You are the obstetrician of a 27-year old single woman referred to you late in her first trimester after positive pregnancy test. She admits to a history of heroin addiction, with several unsuccessful attempts “get off it” in community-based programs, as well as to current using. Although buying and using heroin is illegal, she has no criminal record. The heroin use poses developmental risks to the fetus as well as the risk of fetal addiction.
She claims she will “do anything now to help my baby.” She says she previously believed she was infertile and considers the pregnancy a gift from God. She insists that “all I want in life is to be a good Mom.”
You live in a state that defines drug abuse while pregnant as criminal child endangerment with mandatory reporting and mandatory treatment. As you interpret the law, your patient clearly falls under its purview. You know if you follow the law on mandated reporting, she will be prioritized for immediate access to an inpatient drug treatment program that provides medically-supported heroin withdrawal for mother and fetus. But she may also get a criminal record. Or she may be flagged to child protective services in advance of treatment, treatment outcome, or pregnancy outcome—increasing the risk that after birth her baby will be taken from her regardless of treatment outcome.
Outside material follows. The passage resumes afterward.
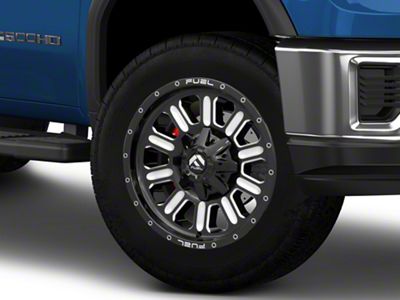 Fuel Wheels Hardline Gloss Black Milled 8-Lug Wheel; 20x9; 20mm Offset (20-25 Sierra 3500 HD SRW)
You believe she is strongly motivated to try to become drug-free for the sake of her fetus, and with proper medical and social support, could be successful without coercion.
What should you do?
Discussion of Case:
Tensions between ethical ideals:
Who is the patient? Obstetricians have three relevant, sometimes competing, senses of who their patient is: the mother, the fetus, and the maternal-fetal relationship. How you analyze this case may depend on the extent to which you think maternal and fetal interests are consistent or in tension in the case.
Duties to patient or to public? You may feel torn between conflicting duties to respect autonomy and confidentiality and to obey the law. Assuming this patient does not wish to be reported to authorities, respecting autonomy, as well as maintaining confidentiality and trust, clearly weigh toward non-reporting. At the same time, following laws is generally a moral duty. In terms of beneficence, reporting might enhance access to substance-abuse treatment for the mother but at a high cost of other negative consequences to her, in addition to infringing her autonomy.
Which beneficence? The rationale of the law is for the benefit of the fetus. You believe that stopping the drug abuse by any means indeed would benefit fetal development. But you may nonetheless worry that fetal interest is unclear, because reporting could result in a premature decision to take a baby away from a loving and potentially competent mother in favor of a troubled foster care system marked by radically inconsistent quality of caregiving.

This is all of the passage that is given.